OTHER:  There is a concern that this report will be outdated because of the impact of the pandemic.  It will take some time to see how the pandemic will impact the creative economy.  It would be great to establish someone in the Department of Commerce as a sector lead for the creative economy, someone who could track and help coordinate the work that is being done at the local level.  Labor representatives would be great to add to the bill.  The creative industries have been hit massively by COVID-19 and need all the help they can get.  The local level has been very busy in addressing the needs of creators.  A two year study might duplicate efforts that have already been done.  The money for this bill would be better served paying for a sector lead in the Department of Commerce.  Labor needs representation in this workgroup.  The fact that the bill is here shows that there is a true concern with the creative economy.  When we evaluate the people on the ground doing the work, how can we scale and make the people be part of the national conversation. Generally, the support of the industry is appreciated.  Creators are leaving the state, or contemplating leaving the state.  The creative industry is really underneath the burden of this pandemic.  We do not have two years to study this, we need to look at ways to drive out immediate assistance.  The GDP of the creative sector was growing faster than the GDP as a whole prior to COVID- 19.  A high percentage of individuals working in this area have had to file for unemployment.  We should fund existing leaders who have already created strategies, rather than duplicate efforts that have already been made.  Dedicating someone in Commerce that can convene public private stakeholders would be a better use of the money.  Creating apprenticeships would also be great for young people trying to get a foothold in these types of professions.  We do not have two years to plan,  The planning has been completed at the local level.  Five people is not enough people to represent the artists in the creative economy, and there is a fear that the ones who are most in need are not at the table.  Labor not being invited to participate is very counterproductive to the goals of the study.

Persons Testifying: PRO: Senator Bob Hasegawa, Prime Sponsor; Lara Lavi, Dreaming In Color Entertainment LLC; Karen Hanan, Washington State Arts Commission; Senator Lisa Wellman.

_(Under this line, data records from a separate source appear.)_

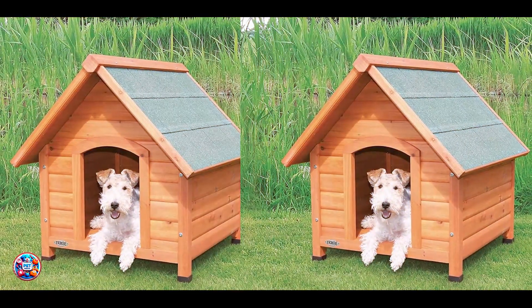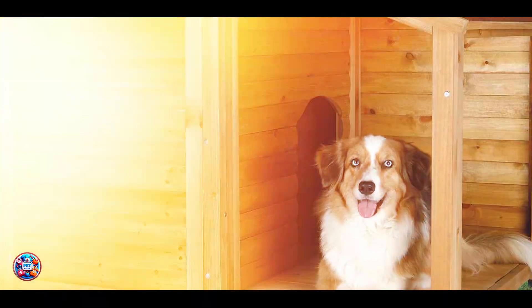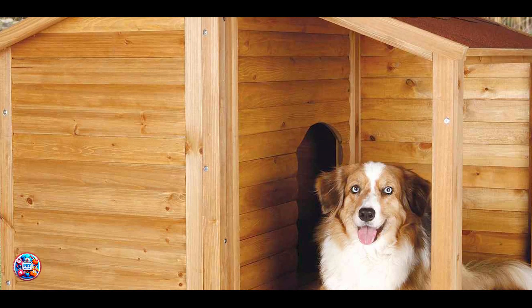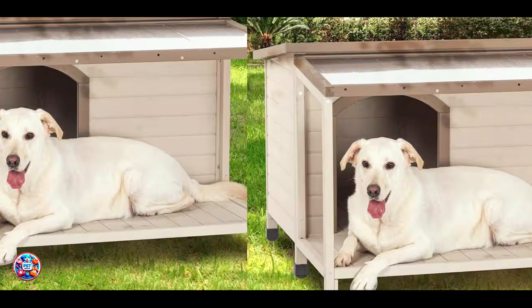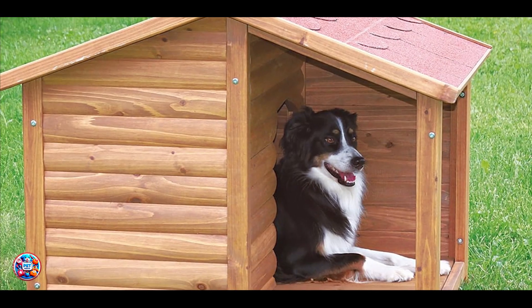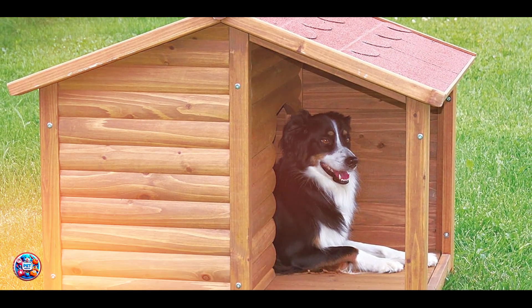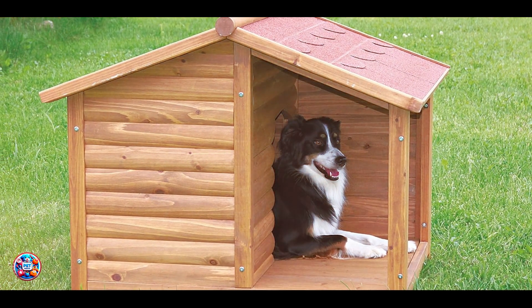The Trixie Natura Classic Dog House is designed for ease of use with its hinged roof and adjustable feet. These features make it straightforward to clean and maintain, ensuring a hygienic environment for your dog. The assembly process is user-friendly, with pre-drilled holes and clear instructions provided. Its classic design blends well with outdoor settings, adding both functionality and aesthetic appeal to your yard.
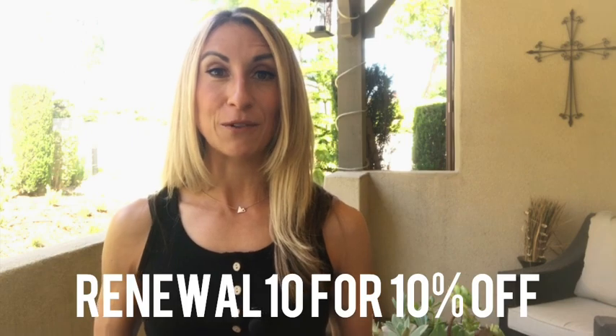Hello fellow Earth Runners wearers. If you are looking to relace or swap out the laces on your Earth Runner sandals, then in this video I'm showing you just how to do that. If you find it helpful, please give it a like, and if you're going to be purchasing any sandals or laces or anything from earthrunners.com, you can use my discount code RENEWAL10 for 10% off your order.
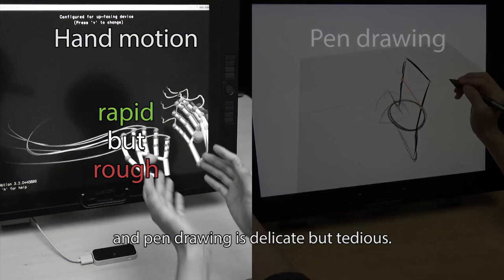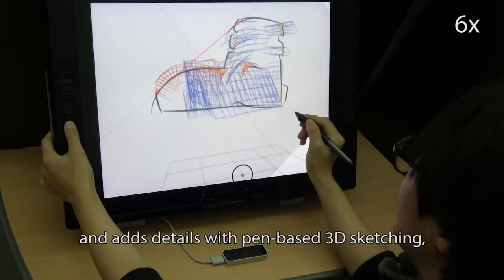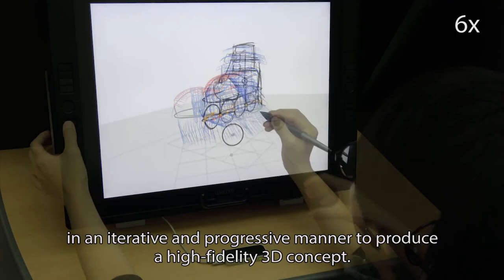The designer makes quick hand motions to create 3D scaffolds and adds details with pen-based 3D sketching in an iterative and progressive manner to produce a high-fidelity 3D concept. Our 10-day sketching sessions with designers showed that our synergetic workflow enabled more agile 3D sketching.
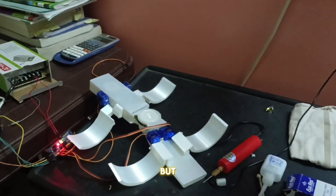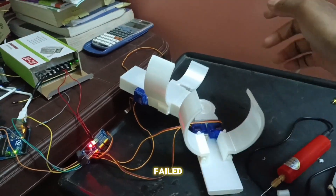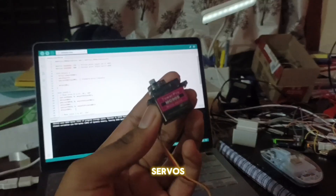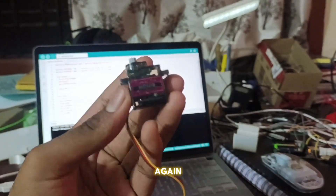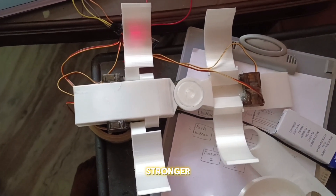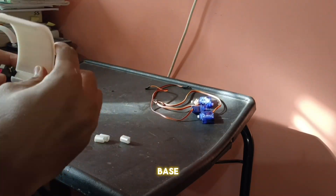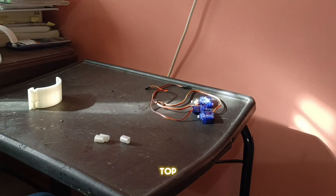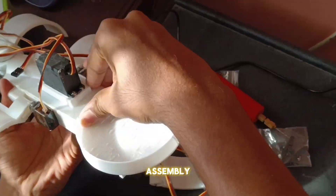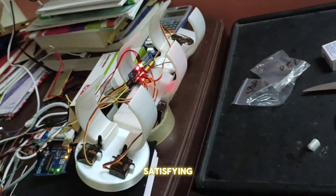I began modeling the forearm gripper part once again. But this is where the main problem started — two of the servo motor gears failed. So I ended up spending nearly 1500 to buy 12 metal gear servos just to ensure this wouldn't happen again. The grippers are now much stronger with the metal gear servos installed. I also finished printing the battery holder base and the gripper part for the top layer of the bicep. Now let's assemble the entire sub-assembly onto the Myo Assist body — the three grippers look very satisfying and sturdy.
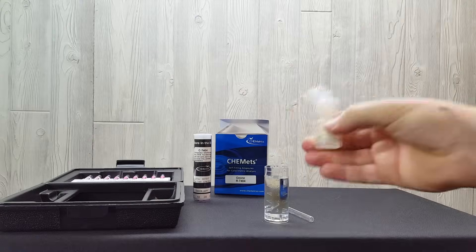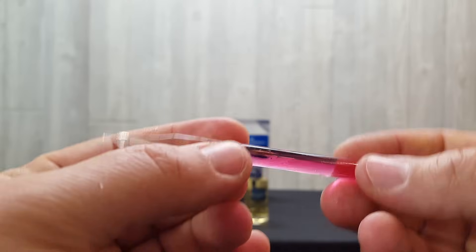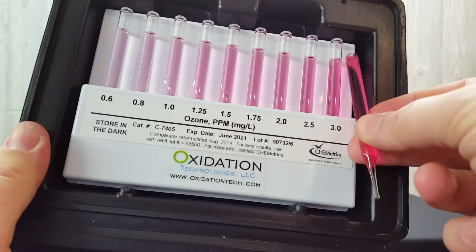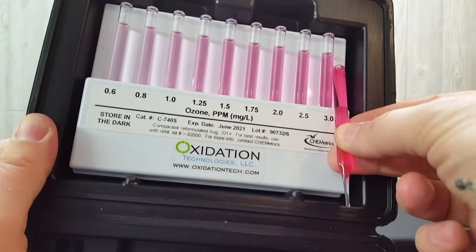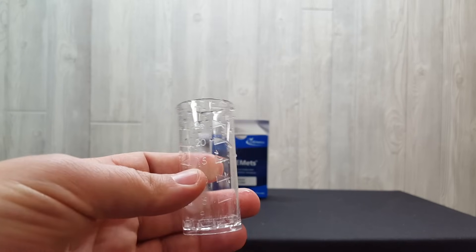Our previous videos show what's included in the K7404 Dissolved Ozone Kit and how to measure dissolved ozone using this kit's standard measuring range of 0.05 parts per million to 3 parts per million. However, if your dissolved ozone levels are higher than 3 parts per million, resulting in a darker pink test result than the 3 parts per million vial included in this kit, you can use dilution to test higher levels of dissolved ozone.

CON: Maggie Carrido Adams, IATSE Local 887.
OTHER: Melissa Huggins, Spokane Arts; Nate Omdal, American Federation of Musicians Local 76-493; Melissa Purcell, IATSE Local 488; Winfield Ezell, Jr., Obsidian Creative Studios; Manuel Cawaling, Inspire Washington; Meghan Sebold, City of Seattle’s Office of Economic Development; Vivian Hua, Northwest Film Forum; Olivia Hamilton, Assistant Organizer, Local 76-493 American Federation of Musicians.
Persons Signed In To Testify But Not Testifying: No one.